Possibly the most successful search model to have emerged on the Web is the directory service popularized by Yahoo! Its success has helped "search engines...[recognize] the limits of the massive quantity and lack of quality of information on the Web. Hence, they are preparing a number of strategies for adding 'editorial context' to the data."

The article then enumerates some methods for creating value-added information. The activities that seem to have the most meaning for our product are:

Collaborative Filtering - this method provides "recommendations to a user based on what other users have done". Given that we want to support users who may be unfamiliar with women's suffrage or with history in general, providing some tips to other sources might make using/reusing the product more inviting.

Pattern Recognition - in this advanced feature, "the software uses small pieces of less accurate information that, combined together, give increasing precision. It operates by calculating the probability of seeing x if we see y, and then what is the probability of seeing z if both x and y are present, and so on." This method would seem useful for all types of users, essentially allowing anyone to get as refined as they wish while providing them information along the way to spark further inquiry.

Classifying and Clustering - "The important feature is to identify the key concepts within a document, then pull all the information on those topics together, displaying it in a way that the user understands." In our original proposal we wanted to create and open source metadata for use in any similar site. If we continue with that in our prototype, our own site will become more searchable using these algorithms.

Clifford Lynch, "The Internet: Bringing Order from Chaos", Scientific American, March 1997
http://www.sciam.com/0397issue/0397intro.html

This article intrigued me for the technology it suggested to address the author's point, which is that the Web is not yet a digital library.

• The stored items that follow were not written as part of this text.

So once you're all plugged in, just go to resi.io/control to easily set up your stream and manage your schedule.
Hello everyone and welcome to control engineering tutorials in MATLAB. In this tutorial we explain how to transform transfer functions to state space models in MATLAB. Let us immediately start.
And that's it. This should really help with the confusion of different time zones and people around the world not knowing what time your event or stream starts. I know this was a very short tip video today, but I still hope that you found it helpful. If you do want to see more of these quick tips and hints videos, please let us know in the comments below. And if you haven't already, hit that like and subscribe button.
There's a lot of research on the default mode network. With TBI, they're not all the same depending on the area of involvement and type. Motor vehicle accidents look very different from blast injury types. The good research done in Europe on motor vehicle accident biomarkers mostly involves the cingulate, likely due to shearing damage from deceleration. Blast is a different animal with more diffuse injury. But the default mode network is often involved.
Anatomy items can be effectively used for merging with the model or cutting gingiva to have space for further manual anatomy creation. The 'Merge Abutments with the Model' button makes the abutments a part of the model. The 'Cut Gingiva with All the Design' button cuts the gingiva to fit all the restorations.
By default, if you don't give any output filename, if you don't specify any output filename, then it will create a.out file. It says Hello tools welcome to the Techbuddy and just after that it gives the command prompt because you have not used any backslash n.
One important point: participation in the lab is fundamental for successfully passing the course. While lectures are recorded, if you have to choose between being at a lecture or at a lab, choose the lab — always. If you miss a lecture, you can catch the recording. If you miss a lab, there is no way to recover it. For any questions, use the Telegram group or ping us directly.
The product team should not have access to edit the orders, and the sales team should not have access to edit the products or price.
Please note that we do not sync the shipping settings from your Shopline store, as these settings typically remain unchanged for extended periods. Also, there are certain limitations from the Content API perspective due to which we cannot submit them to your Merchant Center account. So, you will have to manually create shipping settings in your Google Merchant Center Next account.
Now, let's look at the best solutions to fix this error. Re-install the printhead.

It "was not designed to support the organized publication and retrieval of information, as libraries are...The ephemeral mixes everywhere with works of lasting importance."

This point is not lost on our product as, unless our search feature returns information, Suffragists Speak may become just another curiosity of little educational value.

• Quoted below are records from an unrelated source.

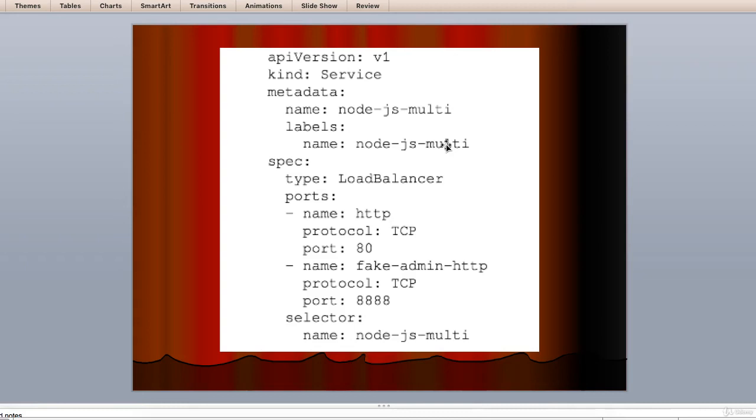So this completes the discussion on the details on multiple ports. In the next lecture, we would be discussing a few more. And till then, I am taking a pause here and ending this lecture. Thank you very much.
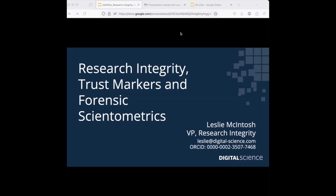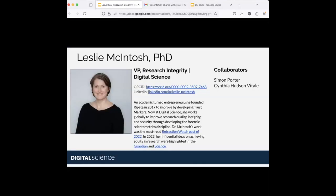I'm going to hand over to Leslie, who is the VP of Research Integrity at Digital Science and does really amazing work. Thank you, Johnny. I am Leslie Mackintosh. I come from a biomedical background — my PhD is in epidemiology — and I was an academic professor at Washington University School of Medicine in St. Louis, Missouri, before starting my own company with Ripeta, and now I'm at Digital Science.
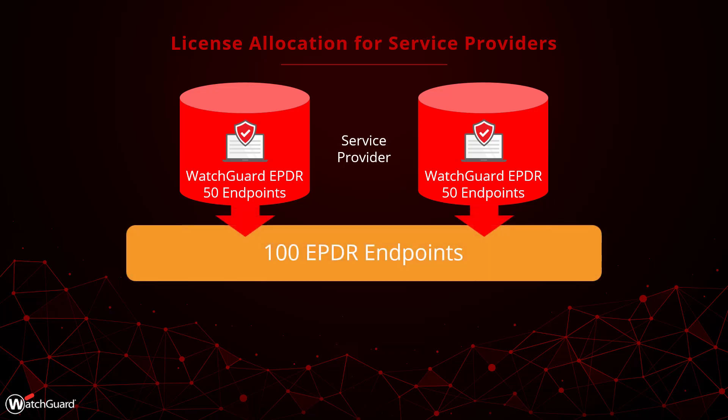After activating my two 50 endpoint licenses, they are pooled together in WatchGuard Cloud. So I have 100 EPDR licenses that can be allocated from my service provider to my subscribers as I see fit.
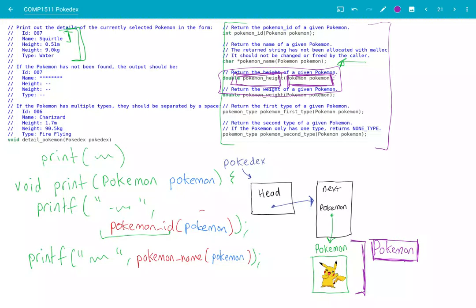So the takeaway message is that capital P Pokémon is of type pointer to Pokémon struct, but you can't directly access inside that Pokémon struct because it's in Pokémon.c and you've only hash-included Pokémon.h. So in order to actually interact with that Pokémon — to get its name, its ID, its height, and so on — we have to use the functions inside Pokémon.h. Hopefully that's all made sense. If you've got any questions, you can ask them on the course forum, and otherwise I'll see you in my next video.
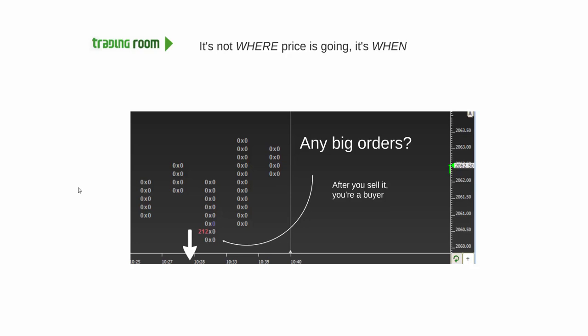If it doesn't go down, it probably creates the buying that sends it up. Again, creates the buying that sends it up.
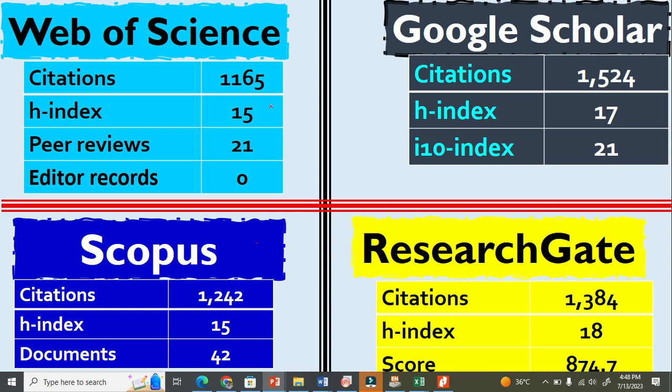There are four research databases: Web of Science, which is very important among all. The impact factor of every journal is calculated from Web of Science, where we get this information.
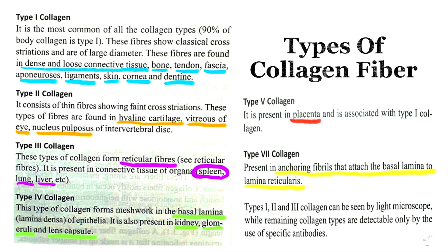Now let's talk about the types of collagen fibers. Collagen fibers are found in different types of connective tissue in the human body. According to the thickness of the fiber, collagen has been divided into 28 subtypes. I have highlighted the important ones — about six types of relevance. They are graded from 1 to 7 in descending order of fiber thickness. Type 1 is the thickest and most common — 90% of body collagen is type 1.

The problem could be solved by building/buying our own crawler. However, apart from the issue of needing to maintain the crawler and the resulting index (features not in our business model), "the Web...still lacks standards that would facilitate automated indexing." Further, given that our site is multi-media intense and users might want to search out other multi-media, "[a]nother drawback of automated indexing is that most search engines recognize text only... no program can deduce the underlying meaning and cultural significance of an image (for example, that a group of men dining represents the 'The Last Supper')."

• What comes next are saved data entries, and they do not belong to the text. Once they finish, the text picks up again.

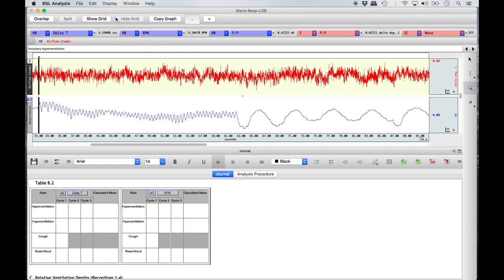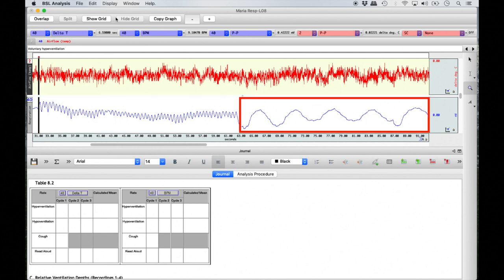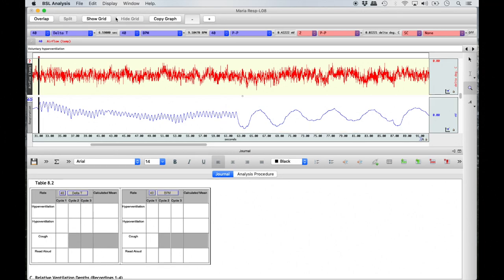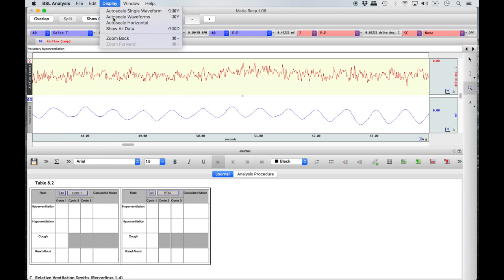Select Display and then Auto Scale Waveforms for the best view. If the experiment was recorded correctly, the first 30 seconds of the hyperventilation recording is when the subject was hyperventilating, and the last 30 seconds is when they were returning to normal breathing. If necessary, you may zoom in further to the hyperventilation portion by dragging a smaller box over the beginning half of the hyperventilation recording and again auto-scaling the waveforms.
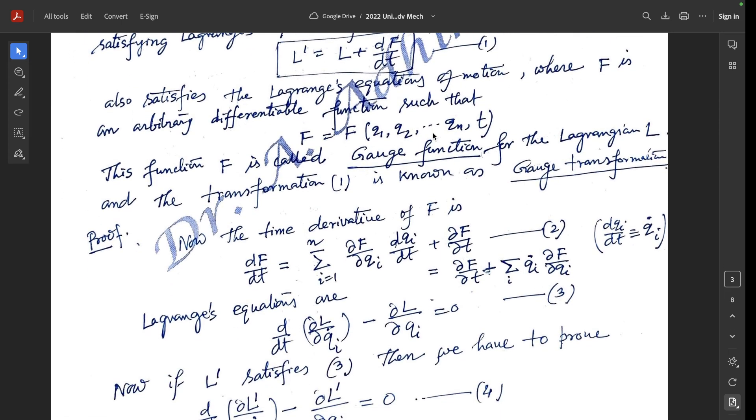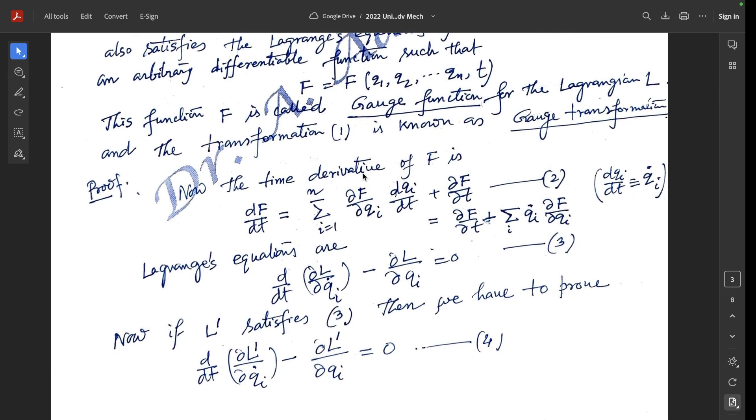Proof of this theorem: the time derivative of F, d/dt of F, equals summation over i of del F/del q_i times q_i-dot plus del F/del t.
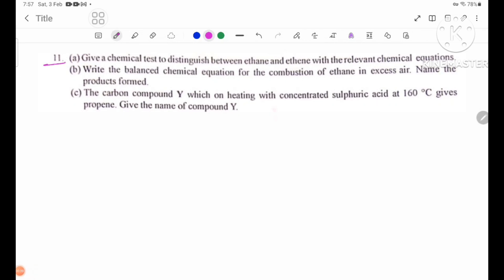Number 11: Give a chemical test to distinguish between ethane and ethene with the relevant chemical equations. The chemical test used to distinguish ethane from ethene is discussed, noting that ethene contains CH2 double bond CH2.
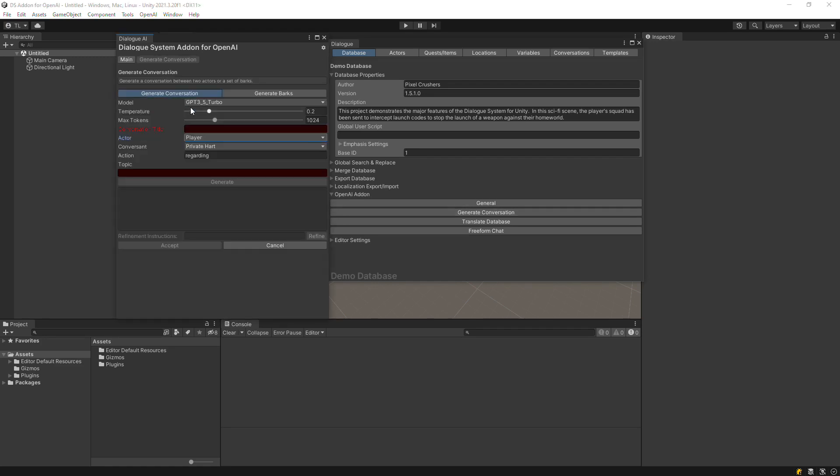In the Add-on window, you can toggle between options to generate a conversation or a set of barks.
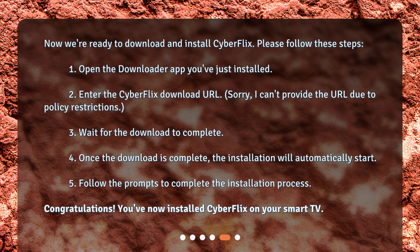3. Wait for the download to complete. 4. Once the download is complete, the installation will automatically start. 5. Follow the prompts to complete the installation process. Congratulations! You've now installed CyberFlix on your smart TV.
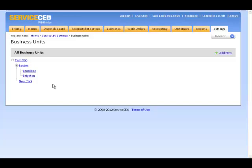However, if I enter a payment service provider at the New York level, only the New York business unit will be able to use that payment service provider.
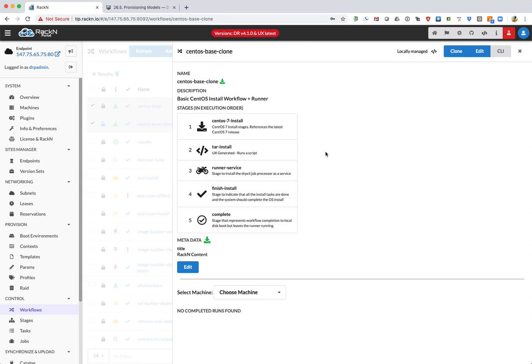So now this CentOS base clone contains the updated stage that we've created through the shell script helper. That's it. Hopefully this little training video was instructional. Let us know at Racken.com—I'd love to hear your thoughts or comments, or check in with us on Slack. Thank you very much.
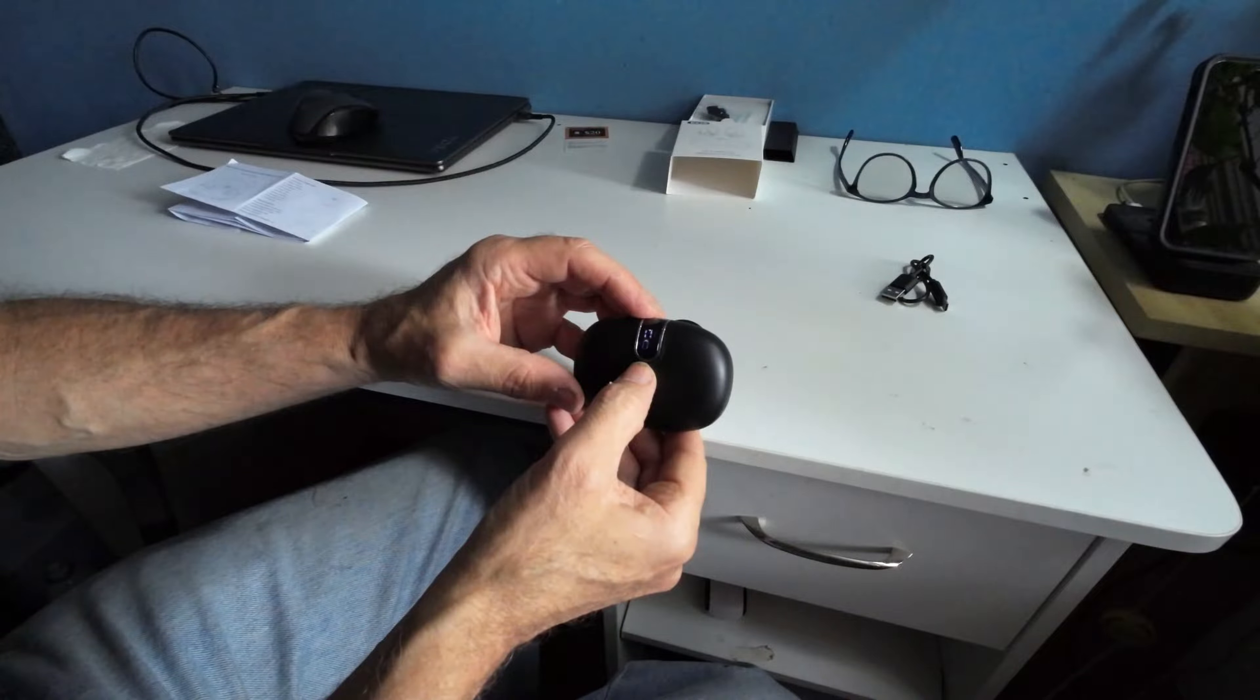Bluetooth 5.3, 10 meter working distance. Accessible distance is 15 meters. Playing time is seven through eight hours. Talk time on the phone will be six to seven point five hours.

Mr. Lynch then suggests the Harvest "gatherer", which also, upon examination of their web-site, is open source. Harvest "lets a Web site compile indexing data for the pages it holds and to ship the information on request to the Web sites for the various search engines." An obvious strength to this engine could be that it will support building a collection on "specific topics for specific uses and tie them loosely together so people can search and locate what they want.'' I am looking into this UNIX-only application.
 
 

Gus Venditto, "Search Engine Showdown", Internet World, May 1996
http://www.internetworld.com/print/monthly/1996/05/showdown.html

I was introduced to searching basics last year in IS202, but I wanted an article that refreshed my memory in order to see if any of the commercial solutions had anything our product should consider. What follows are excerpts of the article's review of seven search engines.

Alta Vista

Excite Infoseek Lycos OpenText WebCrawler The article ends by offering suggestions for the ideal search engine. This discussion only higlighted for me that we need to think about what features we want to offer, i.e., depth, breadth, or maybe both.